Amazon S3 Adds Put-If-Match (Compare-and-Swap)

Significance of S3 Put-If-Match (CAS)

  • Seen as the missing primitive to safely coordinate multiple writers to the same object (e.g., WALs, logs).
  • Combined with strong read-after-write consistency, it enables optimistic concurrency control directly on S3.
  • Many note that GCP, Azure, and MinIO have had similar conditional write / ETag-based controls for years; some are surprised it took S3 so long.
  • Some question why “standard ETag support” is headline-worthy, others argue the scale and engineering complexity at S3 make the delay understandable.

Use Cases and New Patterns

  • Building databases and consensus systems directly on object storage (e.g., object-backed DBs, transactional logs).
  • Terraform-style state locking without an additional store like DynamoDB.
  • Lock-free-like patterns: repeatedly read–modify–CAS to maintain invariants (inventory counters, transaction logs).
  • Potential for “S3 as a database” or even SQLite-over-S3; acknowledged as likely slow without caching, but now technically feasible and more “serverless.”
  • Some see this reducing the need for separate coordination systems in S3-backed applications; others still mention systems like Delta Lake or external consensus services.

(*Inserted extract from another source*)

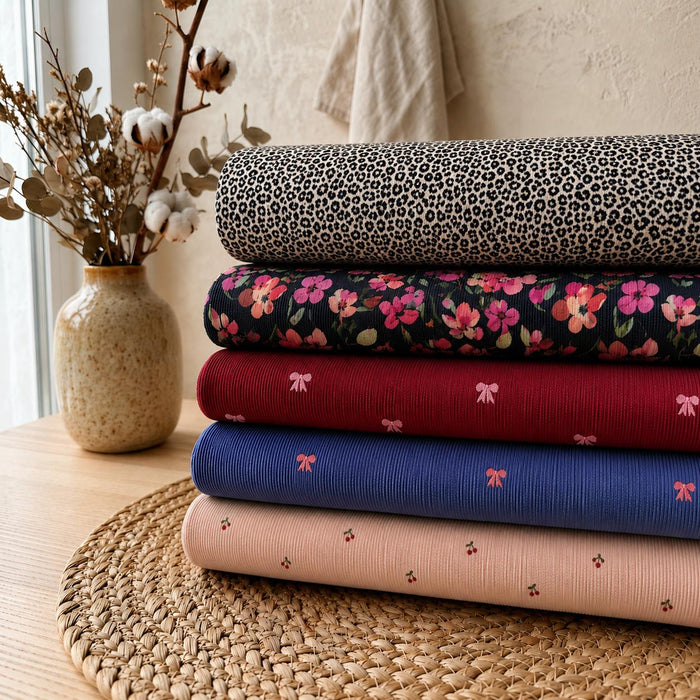 Feincord Stoff 100 % Baumwolle | Leo Babycord | Blumenstoff | Schleifen Stoff | Kirschstoff | Cordstoff Meterware | 150 g/m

ETags, Hashing, and Integrity Concerns

  • Discussion of MD5-based ETags: fine for random bit-error detection, unsafe against adversarial collisions.
  • Hypothetical attacks where an untrusted party crafts MD5-colliding data to cause log entries to be “lost” if CAS is keyed only on MD5.
  • Google Cloud’s generation numbers and Azure’s concurrency controls are cited as clearer, monotonic versioning primitives.
  • Desire for content-addressable storage on S3: enforce that object key equals a secure hash of content via IAM/policies.
  • Current S3 checksums (SHA-256 and multipart “hash-of-hashes”) help with integrity but are awkward for content-addressable or CAS semantics, especially with multipart uploads.

Limitations, Ambiguities, and CAP Discussion

  • CAS and strong consistency are per-object; coordinating multi-object updates still “requires creativity.”
  • Some light debate on how this interacts with CAP: consensus that availability must occasionally be sacrificed to preserve consistency under partitions.
  • Unclear exactly when comparisons happen for large uploads (early vs final commit), and whether there are performance impacts on other operations.

Ecosystem and Meta Points

  • Open-source and proprietary systems built on object stores plan to exploit this immediately.
  • Some push back on promotional comments about commercial products; others see them as valid technical case studies.